Colburn and Aldern note that some urban areas with very high rates of poverty (Detroit, Miami-Dade County, Philadelphia) have among the lowest homelessness rates in the country, and some places with relatively low poverty rates (Santa Clara County, San Francisco, Boston) have relatively high rates of homelessness. The same pattern holds for unemployment rates: “Homelessness is abundant,” the authors write, “only in areas with robust labor markets and low rates of unemployment—booming coastal cities.”

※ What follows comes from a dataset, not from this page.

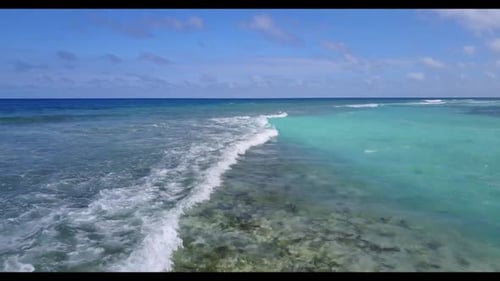 Aerial drone view sky of idyllic island beach trip by blue sea with white sandy background of a dayo
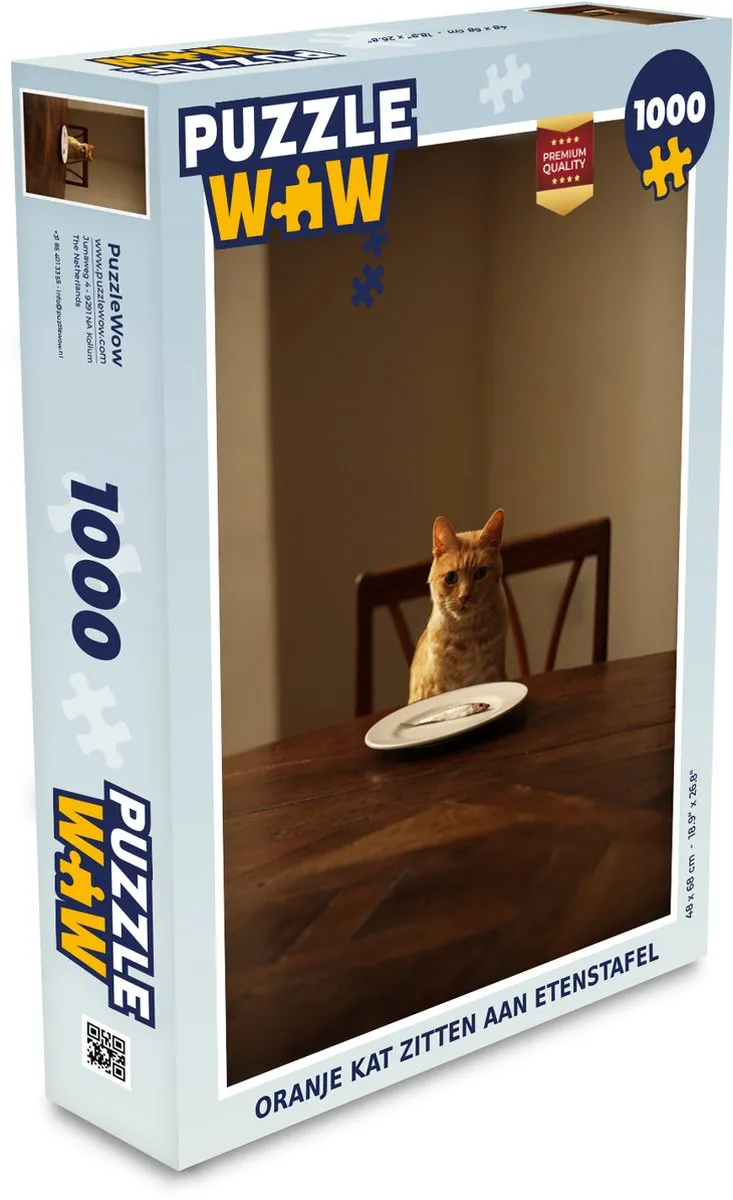 PuzzleWow Kat Eettafel Bord Legpuzzel 1000 Stuks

Why is this so? Because these “superstar cities,” as economists call them, draw an abundance of knowledge workers. These highly paid workers require various services, which in turn create demand for an array of additional workers, including taxi drivers, lawyers and paralegals, doctors and nurses, and day-care staffers. These workers fuel an economic-growth machine—and they all need homes to live in. In a well-functioning market, rising demand for something just means that suppliers will make more of it. But housing markets have been broken by a policy agenda that seeks to reap the gains of a thriving regional economy while failing to build the infrastructure—housing—necessary to support the people who make that economy go. The results of these policies are rising housing prices and rents, and skyrocketing homelessness.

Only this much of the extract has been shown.